By Jonathan Danilowitz
On the 9th March, His Excellency Mr. Yuri Sterk, the Bulgarian Ambassador to Israel, opened an exhibition at Tel Aviv's Enav Cultural Center. Amongst those at the event were key Ministry of Foreign Affairs persons, members of the diplomatic and consular corps and of course, many present and former Bulgarian citizens.
The exhibition – “The Power of Civil Society during the Holocaust: the Bulgarian Story, 1940 – 1944” – reflects some of the historic parallels between Bulgaria’s and Israel’s struggles for independence, and some of the similarities between the two countries, explaining the close ties that exist between them at all levels, to this day. (The exhibition is open to the public until 19th March.)
Although many individual Jews and several Jewish communities in Europe were saved from the Nazi death machine in WWII in various countries, Bulgaria was perhaps unique in that, thanks to the united civilian efforts (led by the Bulgarian Royal Family and other intellectual, spiritual and political leaders), almost the entire Jewish community there was saved. Neighbors would not stand by and allow the Jews to be deported to death camps.
In his address to the assembled guests, Ambassador Yuri Sterk spoke of the coincidence that the 9th March, the 133rd anniversary of Bulgaria’s liberation, was also the date of the start of the civil actions protesting against and resisting the “final solution” of the Third Reich, thus saving Bulgaria’s Jewish community.
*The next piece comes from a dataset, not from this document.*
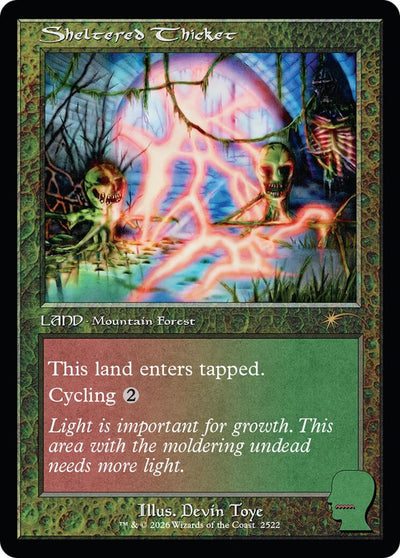 Sheltered Thicket (Secret Lair Drop Series) (2522) (SLD)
Analyzing whether there is a link (separated in time by almost 65 years) between the two events, and the source of the close ties, the Ambassador continued: “I believe both represent crucial junctures in the development of the Bulgarian nation; both attest significantly to important features of Bulgarian national spirit and character which substantiated the historically critical choices Bulgarians had to make on those two occasions: once in the 1870s in favor of their freedom, to exercise their right to an independent national being. And a second time – in the dark years of WWII – in favor of human dignity, in support of universal human virtues and values as opposed to the probably easier way to dishonor and complicity in the most abominable crime against humanity in the history of Mankind.
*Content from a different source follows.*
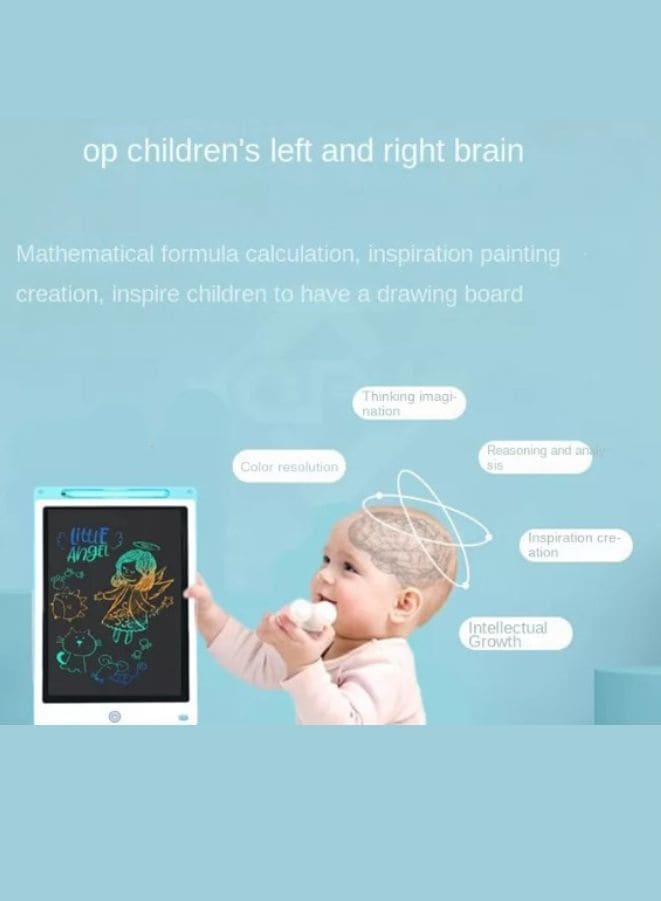 12 inch Writing Tablet Multifunctional Pressure Sensing ABS Protective LCD Drawing Board for Children,Blue - Fatio General Trading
“These are actually also the choices made, and the values and principles shared, by the people of Israel. These are the values and principles that are shared by both our peoples and which are the foundation of our peoples’ affinity for each other, of the friendship between our two nations”.
Ambassador Mr. Sterk concluded by graciously acknowledging the assistance of those who had helped make the exhibition possible, including Tel Aviv Municipality and the Bulgarian Institute of Culture. This is the very first time this exhibition has been shown in Israel.